Ya, she is not a Libby


----------



## willowvalley (Nov 23, 2013)

I agree. I need to check out names lists I guess....


----------



## RowdyTiel (Jan 24, 2013)

How precious! Congrats! ^^
Looks like we know who's ruling the roost now, huh? 

I think she looks like an "Irene".
Lol, I like 'Tuesday' too! ;D


----------



## Amz (Apr 10, 2013)

Pepper, or Ann, or Celia.


----------



## willowvalley (Nov 23, 2013)

Haha, you have no idea. She LOVES to sit on my shoulder. So I locked all the cats in a bedroom and had her out here with me while I played online a bit. I put her on my shoulder and she was fine. UNTIL.... I started typing. She practically RAN down my arm and sat on my hand making her little irritated growling noises. She did not like me typing. It was funny.


----------



## Vickitiel (Oct 10, 2012)

I like the idea of Tuesday as a name, too! Haha 

She's gorgeous!


----------



## ollieandme (Mar 25, 2013)

Tuesday's an awesome name! 
Totally weird but i'm reading The Yearling and there's an animal there called Flag - cutest name in the world!!
Or Polka? Like she has polka dot cheeks


----------



## blueybluesky (Jul 9, 2013)

aww she's so cute and I'm going to go for the Tuesday side


----------



## .Alexandra. (Sep 11, 2012)

Aww what a cutie! 
I like tuesday too, it's unique


----------



## Tisena (Sep 28, 2013)

How about Patch ?


----------



## eduardo (Jan 27, 2012)

She is adorable  Sorry, I don't like the name Tuesday for her:blush: I would name her Emma


----------



## willowvalley (Nov 23, 2013)

LOL Thank you all SO much for contributing ideas!!  It means so much to me and my girl.

Also for the compliments on my baby girl! 

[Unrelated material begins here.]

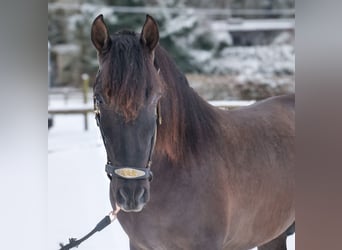 PRE, Gelding, 3 years, 15.1 hh, Chestnut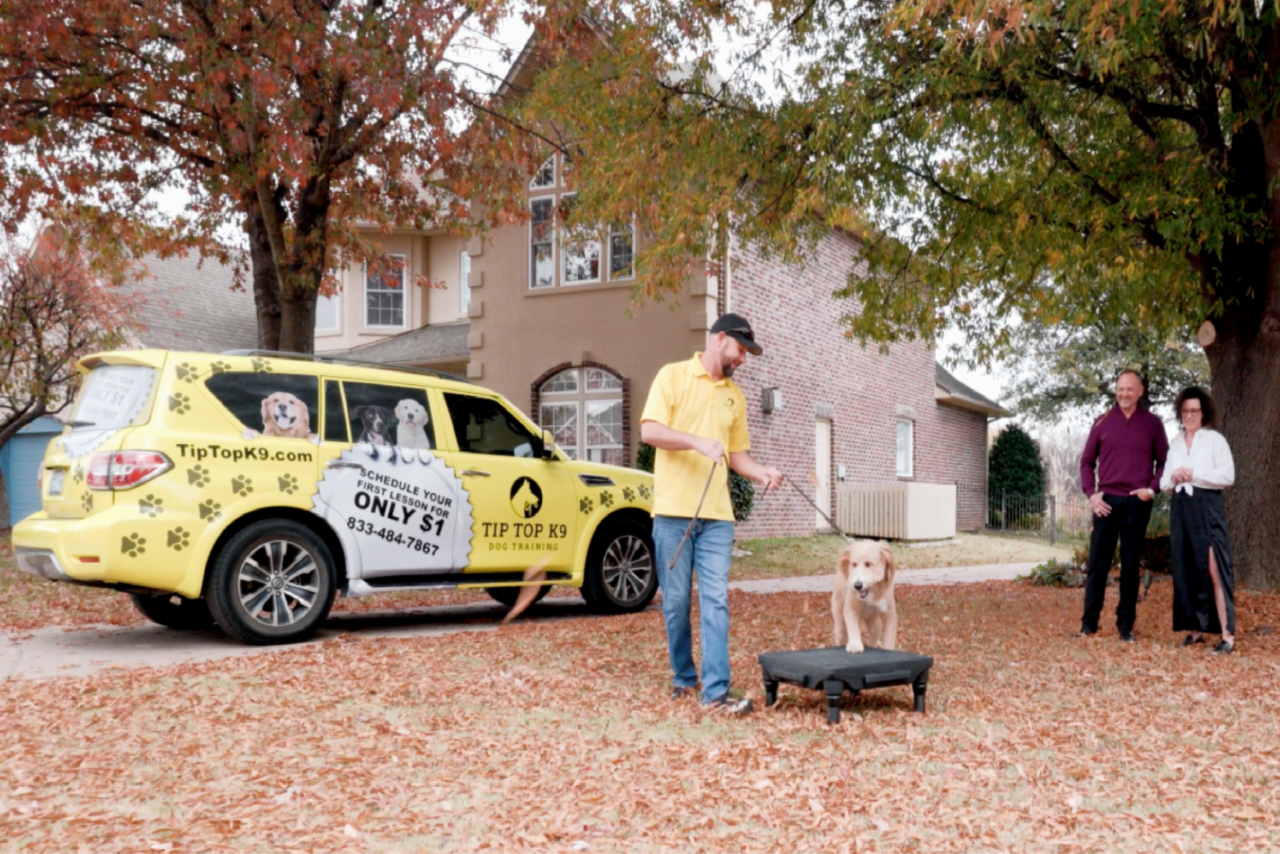 Dog Boot Camp Tip Top K9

It's going to be hard to find her a name that my boyfriend and I can agree on. xD 

BUT, I did suggest Daphne to him last night, and he liked it!! *hoping none of you already have a bird named Daphne*


----------



## Haimovfids (Sep 19, 2012)

I don't think anyone has that name, it's a wonderful and unique name! Go for it :thumbu:
She is gorgouse!!


----------



## moonchild (Jul 29, 2012)

I like Daphne.


----------



## RowdyTiel (Jan 24, 2013)

I like Daphne too! ^^


----------



## eduardo (Jan 27, 2012)

Oooo, I like Daphne too!


----------



## Neeve & Sid (Sep 24, 2013)

What a pretty little girl you have 
Daphne's cool


----------



## stevechurch2222 (Sep 25, 2011)

She is gorgeous I enjoyed all the pictures.I like the name Daphne.


----------



## willowvalley (Nov 23, 2013)

Yep, Daphne it is!! And we call her Daffy too.


----------



## ollieandme (Mar 25, 2013)

Great choice! Daffy's an adorable nickname <3


----------



## willowvalley (Nov 23, 2013)

Thank you!! She is just SUCH a doll!!!


----------



## amberwydell (Oct 13, 2013)

She's gorgeous! If you upload them to a photo sharing site, you can copy the direct link, click on the "insert image" button in the thread options (looks like 2 mountains) and paste it into there. That will give you full sized previews of the images


----------



## willowvalley (Nov 23, 2013)

Thank you.  And thank you for the instructions!! I will try that!


----------



## bjknight93 (Nov 13, 2011)

willowvalley said:


> Thank you!  Is Luna a male or female?


He's a male, but that doesn't mean yours is too. All juvenile normal grey cockatiels look that way regardless of gender.


----------



## taradefab (Mar 24, 2013)

OMG when I saw the bird I was going to say Daphne..then I scrolled down and saw that you named her Daphne...must be the name


----------



## Sunshine2009 (Dec 29, 2011)

Love the name you picked out! She is beautiful, reminds me of my first tiel Sunshine. She's so cute!!


----------



## Vickitiel (Oct 10, 2012)

taradefab said:


> OMG when I saw the bird I was going to say Daphne..then I scrolled down and saw that you named her Daphne...must be the name


Wow, psychic powers!


----------



## stella116 (Jun 29, 2013)

I love that name and she is so pretty!


----------